NP Rank:
2009 VA: Asteroid Nearly Hits Earth
by Jordan Yerman | November 12, 2009 at 10:53 am
469 views | 0 Recommendations | 0 comments
Asteroid 2009 VA came within 9,000 miles of Earth on November 6. Earlier today, Fox News covered the story using footage from Armageddon, which is a bit sensationalist, to say the least, as Asteroid 2009 VA was only 23 feet wide and would have burnt up in the atmosphere before striking the ground. Humanity would have been safe. Also, Deep Impact was a way better asteroid flick. In celestial terms, 9,000 miles is pretty close (it's within the orbit of most satellites).
NASA and other space agencies around the world have been keeping increasingly close track of near-Earth asteroids and comets, with a strong assist from amateur astronomers. In this case, the object was first detected by the Catalina Sky Survey at the University of Arizona. It was quickly identified by the Minor Planet Center in Cambridge, Mass., as a close-approaching asteroid. Then NASA experts worked out its orbit and gave the all-clear.
What, though, if NASA hadn't given it the all-clear? While last-minute finds like 2009 VA are, by definition, not dangerous due to their tiny size, the question remains: what's the protocol for when an asteroid is about to become a meteor? We can't really just ring up Bruce Willis and Ben Affleck, and they're not real space-drillers anyway. That was make-believe. Turns out that there isn't a real protocol for how to deal with a potentially dangerous asteroid-to-be. Who "owns" the problem: Is it NASA's responsibility? The USA? Russia?
NASA has actually addressed this:
The new office will increase financial support for the detection and characterization of Near Earth Objects (NEOs). It will work with other groups in the United States and abroad to create an inventory of NEOs. One of its goals will be to identify asteroids at sizes down to 1 km in diameter.
So far, no potentially-dangerous Near Earth Objects (NEOs) detected have an impact probability high enought to motivate a comprehensive strategy: 1 in 45,000 (.0022%), the most-likely impact listed, is long odds indeed.

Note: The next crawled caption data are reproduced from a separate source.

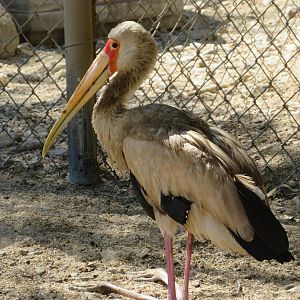 Yellow-billed Stork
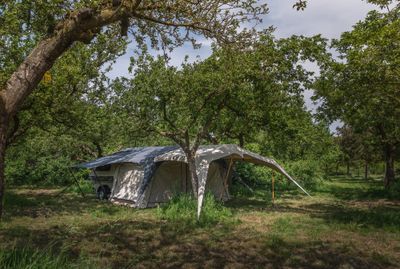 Campooz Sonnensegel für Fat Freddy Vorzelt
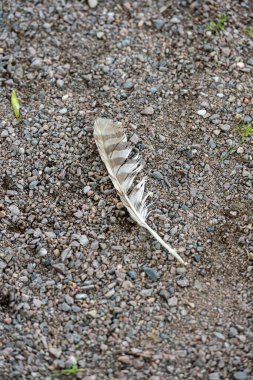 Yerde yatan yırtıcı bir kuşun kanat tüyü..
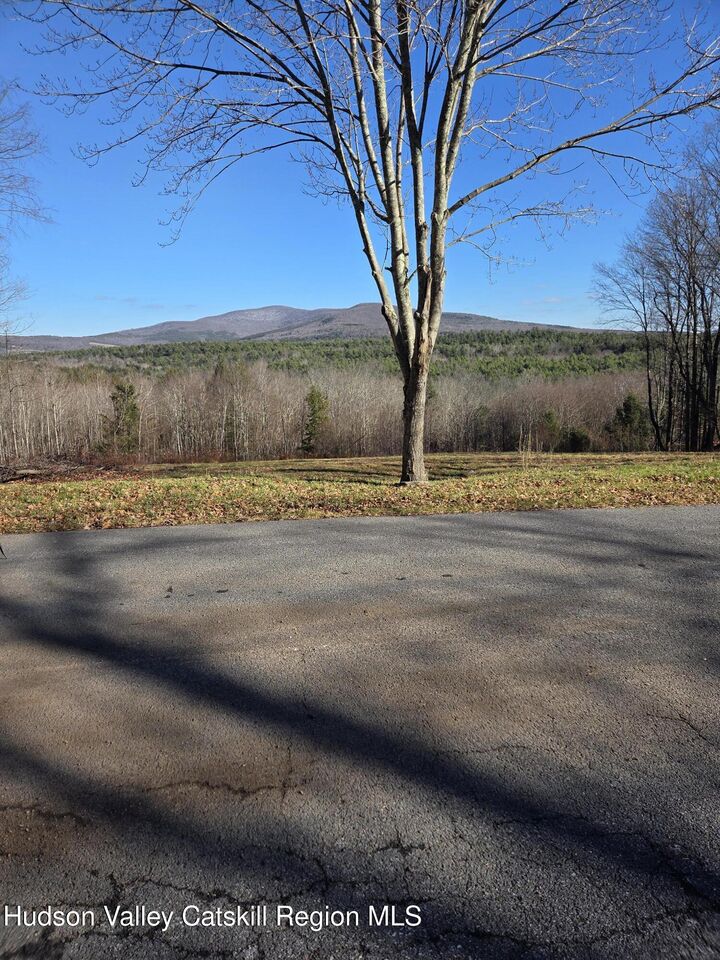 Property Photo:  0 Blueberry  NY 12468 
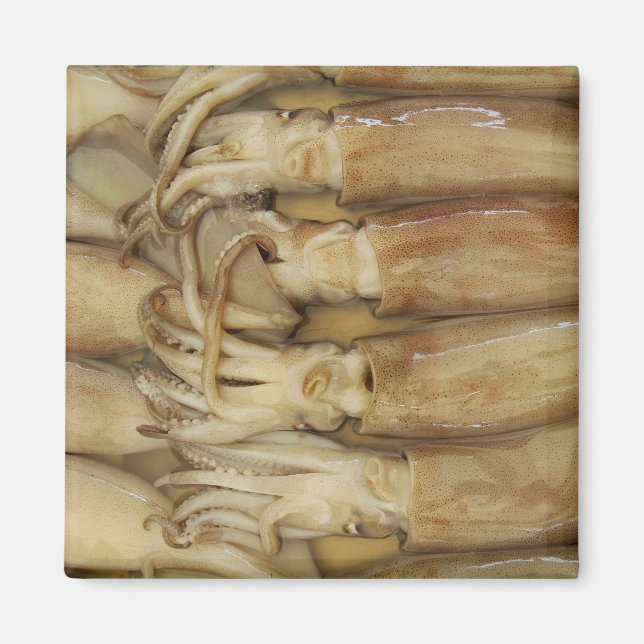 Squid - Calamari Magnet (Front)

More troublesome is the threat of smaller asteroids, greater than 460 feet in diameter (about one-seventh the threshold of the really scary big ones), that could devastate a region but not the whole globe. NASA estimates that some 20,000 of these might be potentially hazardous; it has identified only a fraction of them. Two years ago Congress asked NASA to propose new search programs and to analyze ways to divert any asteroids on a collision course with Earth. The agency did that in a March report to Congress, but it balked at the notion of spending up to $1 billion or more to build search instruments or spacecraft.